Speaking ahead of the Irish Council for Social Housing annual conference (10th-11th October), Campbell said: “Finding new routes for approved housing bodies [AHBs] to fund more social housing is critical.

“Regulation of the sector is part of the answer – ensuring that housing associations are well-governed, well-managed, financially viable, and providing homes and services that meet the needs of present and future tenants and local authority partners.”

In the Republic of Ireland, Campbell Tickell has worked with the government’s Housing Agency and its Regulation Office, developing all three regulatory standards (finance, governance, and performance).

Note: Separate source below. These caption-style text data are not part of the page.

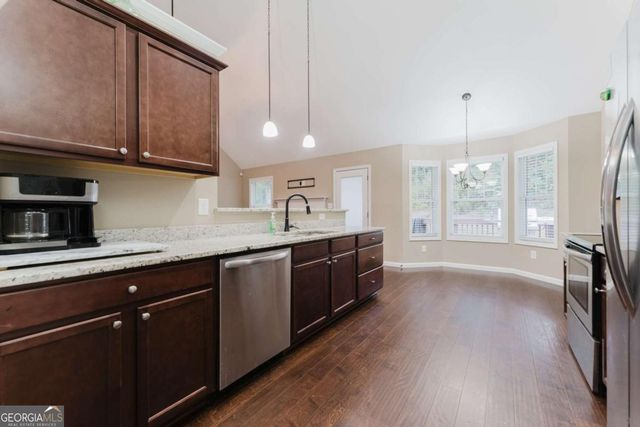 204 Arapahoe Court, Villa Rica, GA 30180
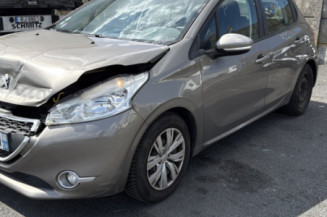 PEUGEOT 208 1 PHASE 1 1.2 VTI - 12V Photo n°1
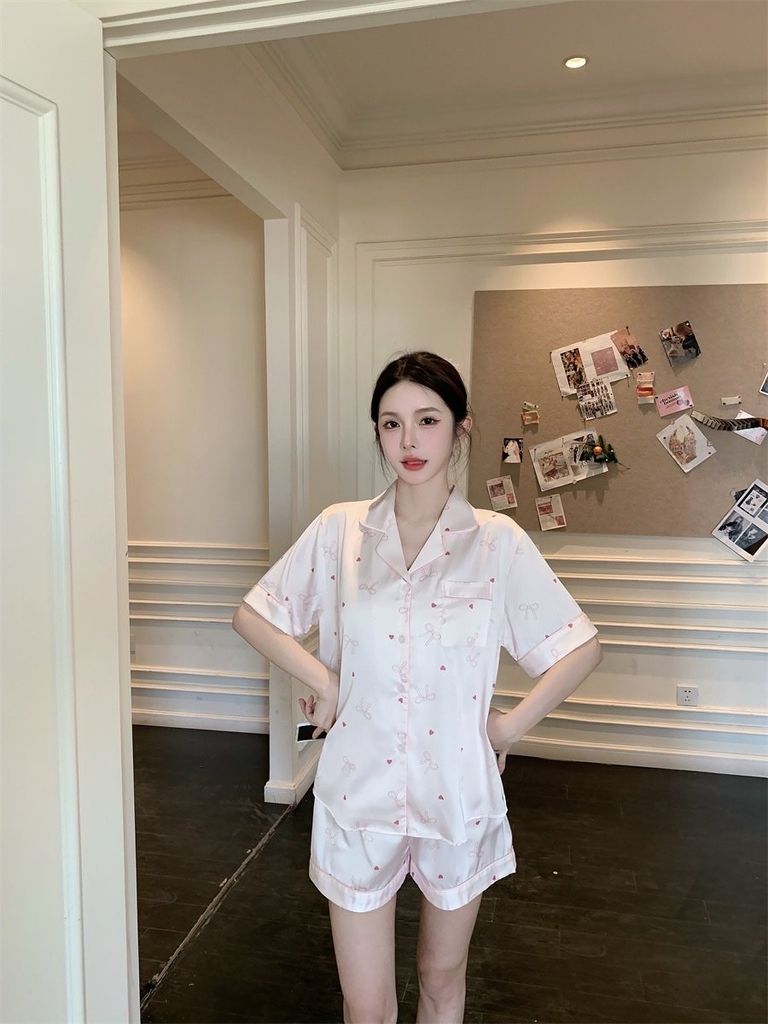 Shury Store Home Wear Bộ Pyjama Lụa Băng Tay Ngắn Quần Short NT22 Họa Tiết Nơ Trái Tim Cực Xinh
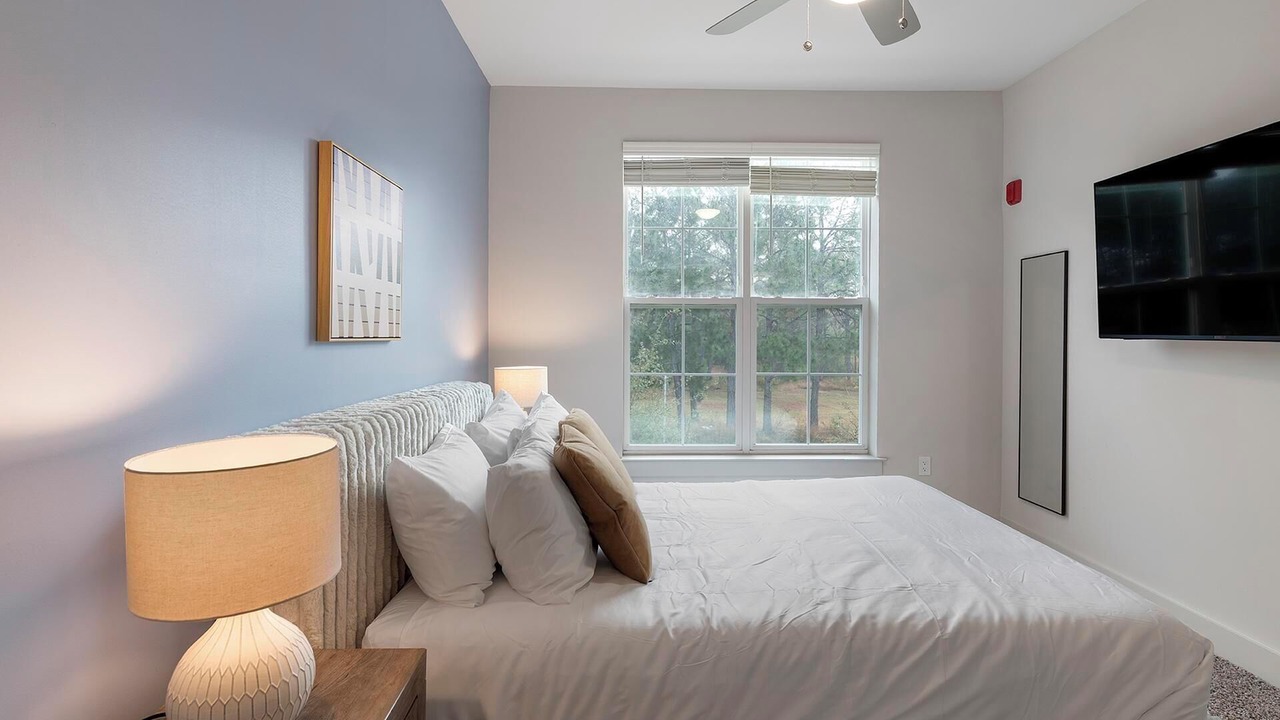 Photo of Bedroom in Florida Center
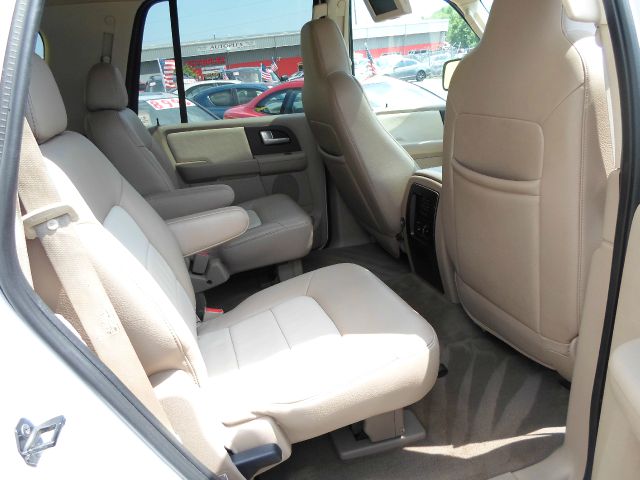 2004 Ford Expedition EX-L 4WD AT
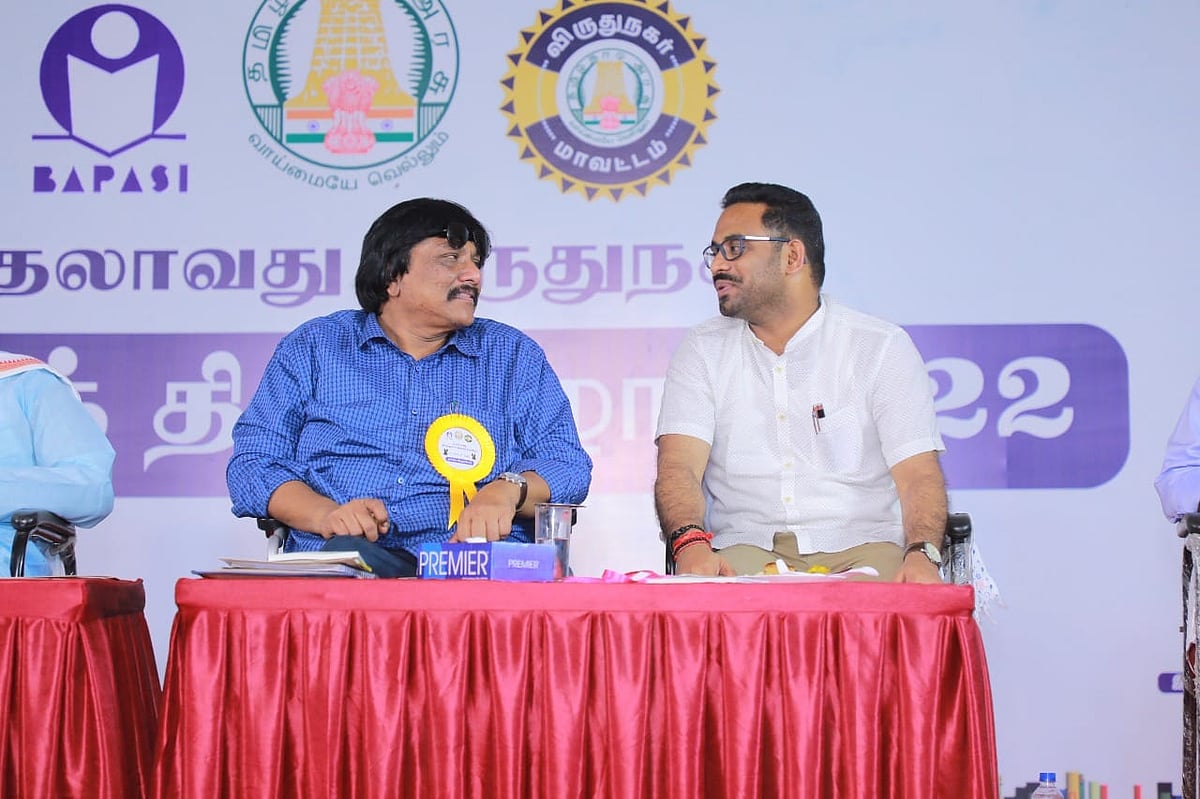 புத்தக கண்காட்சியை பெரும் திருவிழாவாக மாற்றிவிட்டார்.. மாவட்ட ஆட்சியரை பாராட்டிய கவிஞர் மனுஷ்யபுத்திரன் !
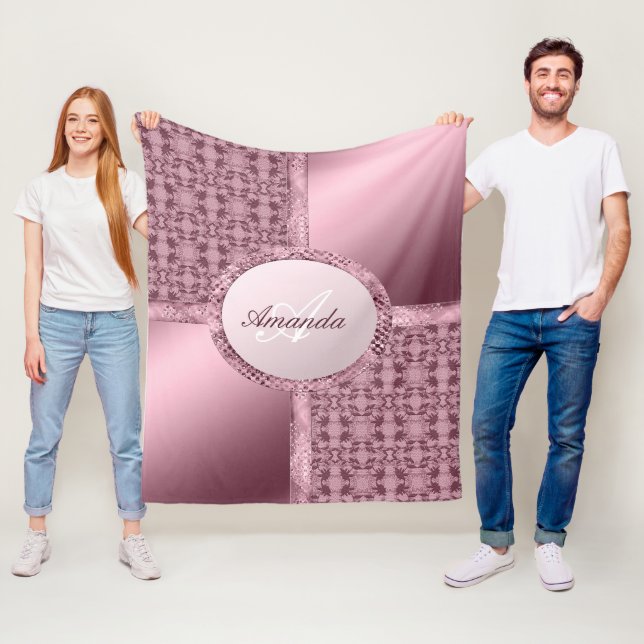 Faux Snöre Satin Jewels Rosa Monogram Fleecefilt (På plats)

It has also supported most of the larger AHBs, many medium-sized and smaller organisations, as well as care and support providers and councils.

“Organisations that are sufficiently robust and well organised will be in a far stronger position to be able to access commercial loans, alongside government funding, in order to drive up the supply of high quality, affordable housing,” said Campbell.

“The UK experience has been that regulation has been worth around half a percent in lower borrowing costs for housing development.”

Draft legislation, the Housing (Regulation of Approved Housing Bodies) Bill, was published in late summer and has begun its journey through the Dáil.

It seeks to move the regulation of AHB’s from a voluntary to a mandatory basis.

The Bill is now being debated in the Dáil, with approval sought by the end of the year for potential implementation in 2020.

Speaking on the housing regulation, Campbell said: “This is an important milestone on the journey to enabling AHBs to step up and meet the challenges of housing supply.

“The legislation will give the regulator new powers to take action in instances of poor practice, which have in individual cases damaged the reputation of the wider charitable and non-profit sector.”